Jesmyn Ward—the two-time National Book Award-winning author of Salvage the Bones and Sing, Unburied, Sing—has just become, at 45, the youngest ever winner of the Library of Congress Prize for American Fiction.
The prize, which was established in 2008 as a lifetime achievement award, honors “an American literary writer whose body of work is distinguished not only for its mastery of the art but also for its originality of thought and imagination,” and is presented annually by the Librarian of Congress at the National Book Festival.
Previous winners include Toni Morrison, Denis Johnson, Don DeLillo, Louise Erdrich, Marilynne Robinson, and Colson Whitehead.
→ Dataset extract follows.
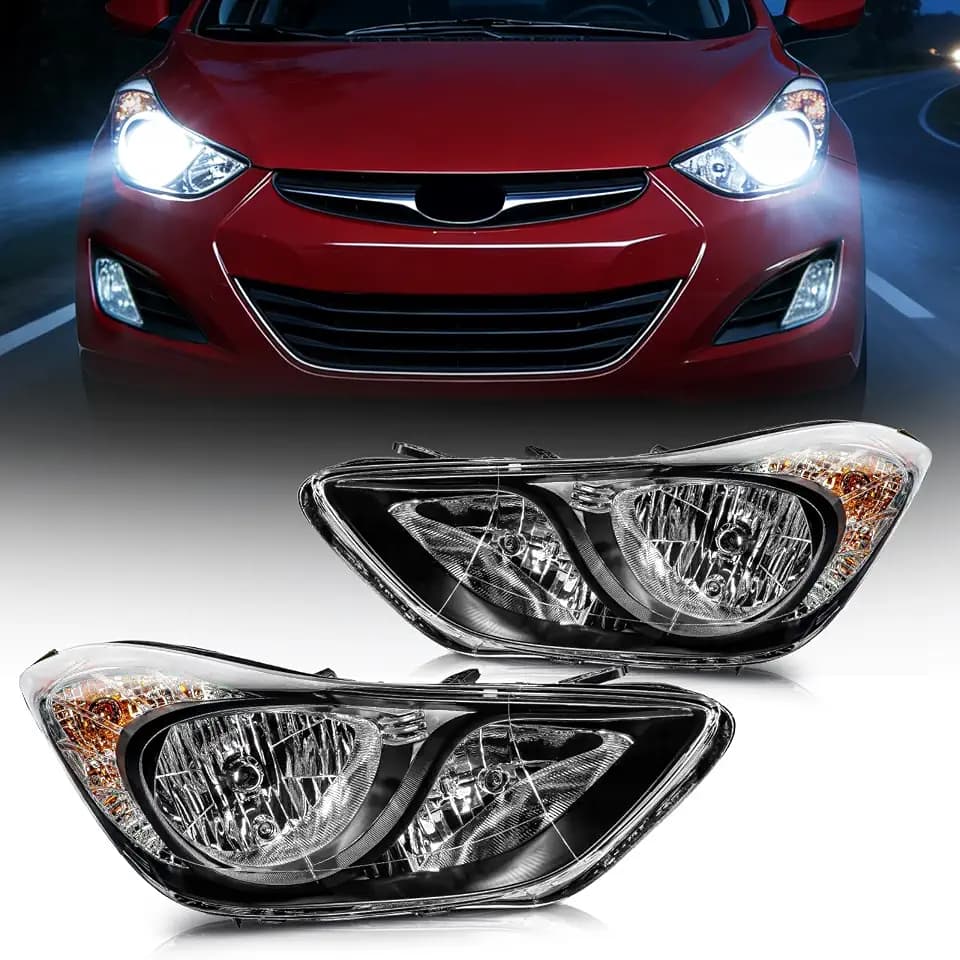 Torchbeam Headlight Assembly Replacement for Hyundai Elantra 2011-2013 1.8L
“Jesmyn Ward’s literary vision continues to become more expansive and piercing, addressing urgent questions about racism and social injustice being voiced by Americans,” Librarian of Congress Carla Hayden said in a statement. “Jesmyn’s writing is precise yet magical, and I am pleased to recognize her contributions to literature with this prize.”
Ward, who received a MacArthur “Genius” Fellowship in 2017 and was a National Book Critics Circle finalist for her 2013 memoir Men We Reaped, lives in Mississippi and is a professor of creative writing at Tulane University.
“I am deeply honored to receive this award, not only because it aligns my work with legendary company, but because it also recognizes the difficulty and rigour of meeting America on the page, of appraising her as a lover would: clear-eyed, open-hearted, keen to empathize and connect,” Ward said. “This is our calling, and I am grateful for it.”